The sweet spot is typically a small, yet perfect window. In the world of selling surveillance cameras, however, you will find that sweet spot for IP video is much bigger than you think.
IP Video Dovetails with Other IP Systems
Finding your sweet spot starts with IT infrastructure, the pipeline for collecting, transferring and storing data critical for daily operations. It affords integrators the ability to deliver robust IP-based solutions that both dwarf the limitations of previous analog CCTV solutions and deliver a wealth of cross-functional value in the form of operational intelligence gathering.
On a basic level, an IP camera is really a computer that sees. It lets your customers shed DVR equipment and free up operational time by leveraging edge-based applications and storage (through memory cards or attached storage) or use a cloud-based architecture to eliminate the need for onsite devices.
On a more advanced level, IP video solutions can incorporate applications to assist organizations — from individual small businesses and franchises to large national or global companies with satellite locations — in discovering ways to improve overall operational efficiencies and performance.
In the past, you might have recommended installing analog-based cameras and DVRs because they were (and still are) inexpensive. But DVRs eventually fail, and replacements every three to five years either raised the customer’s cost of ownership or eroded your profit margins. Plus, low image quality minimized the video’s forensic value.

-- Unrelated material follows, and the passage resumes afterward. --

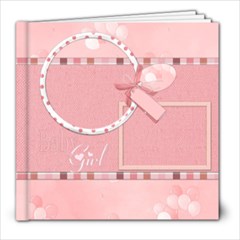 Watch Me Grow GIRL 8x8 book - 8x8 Photo Book (20 pages)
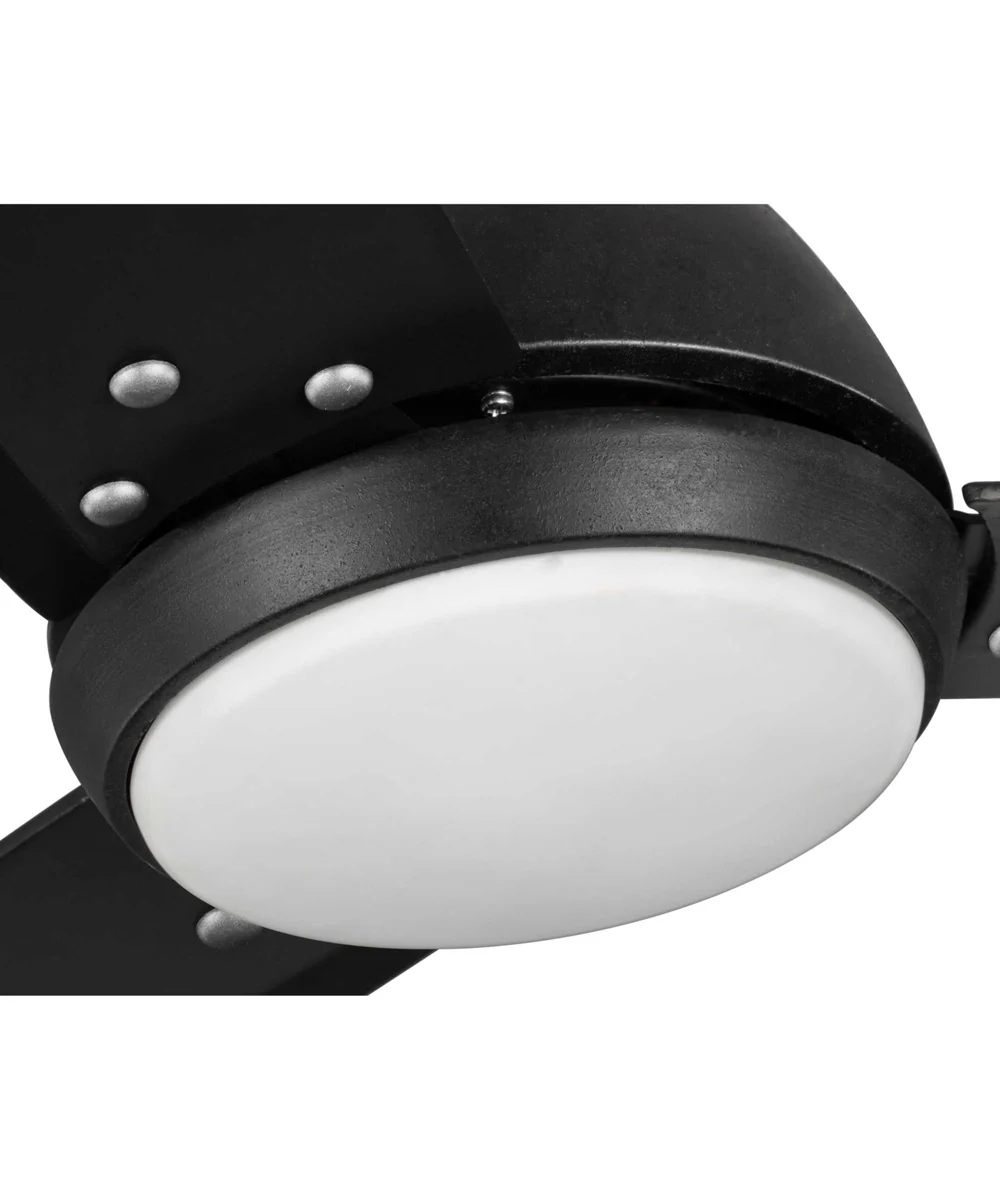 Oriole 60" 3-Blade Ceiling Fan with LED Light Black - Image 7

Features Increase Attractiveness
Fast forward to today. As IP video revenue overtakes half the market for the first time, there are many “technology sweet spots” that make the solution increasingly attractive for integrator businesses and end-users alike:
Remote support: You can offer an IP-based solution that, in many cases, can be troubleshot and serviced remotely over the web. This expedites needed fixes should problems arise, and speeds up system upgrades with remote firmware patches and VMS updates.

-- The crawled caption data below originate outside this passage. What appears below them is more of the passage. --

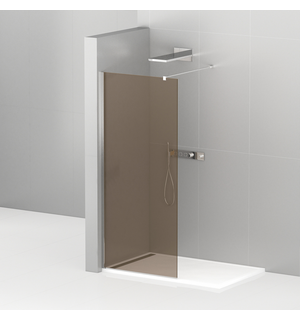 Душевая перегородка LIBERTA-L-1-110-120-BR-Cr Cezares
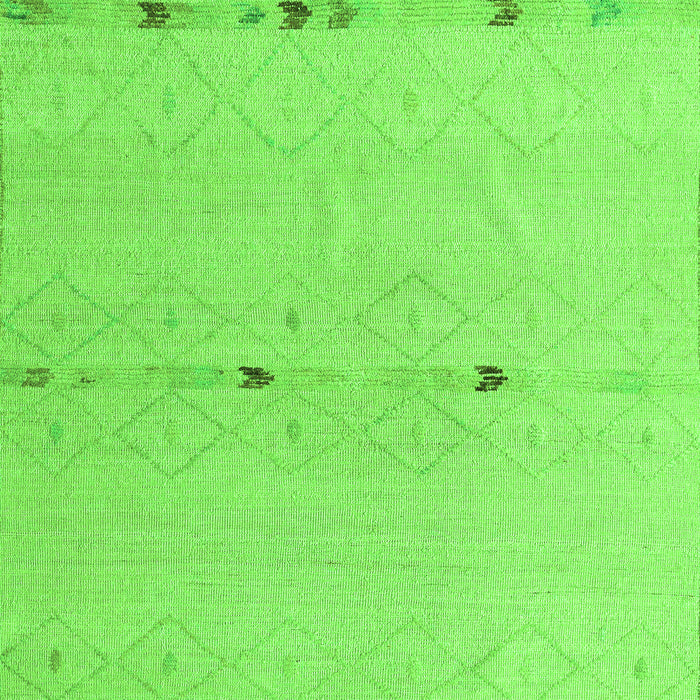 Machine Washable Solid Green Modern Area Rugs, wshabs5365grn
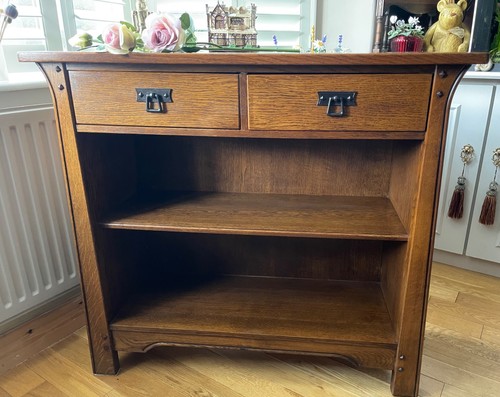 Lovely oak bookcase - oak, /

Edge-based management: Recommending edge-based video management running directly in-camera saves customers the cost of supplemental onsite storage devices, ongoing maintenance and periodic replacement of DVRs. These edge-based configurations are fully functional for small system installations and easily managed by either the end-user or integrator.

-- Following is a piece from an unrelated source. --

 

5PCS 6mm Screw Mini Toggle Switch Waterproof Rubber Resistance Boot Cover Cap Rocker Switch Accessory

Cloud-based architecture: A cloud-based solution makes system management even easier for the customer. The upside for an integrator is the potential recurring revenue stream generated by the services. A hosting provider can store the video in a cloud environment and provide customers access to it through a secure web portal branded with your organization’s GUI. If you are an integrator equipped to provide managed services, you can charge for storing video, providing video on request and managing the system’s overall health. This RMR model gives your customers peace of mind that they can count on you to handle everything from general maintenance and system upgrades to the occasional emergency.
Video verification of other IP-based systems: Integrating IP-based physical access control, intrusion, alarm and fire detection systems with IP video creates a single solution source that can visually verify who is using the card to enter the facility and whether burglar or fire alarms were triggered by an actual incident; thus avoiding potential fines from local law enforcement for responding to non-events.
Because IP video is scalable, you can offer these expanded applications to any sized customer — from a small business to a global operation with offices around the world.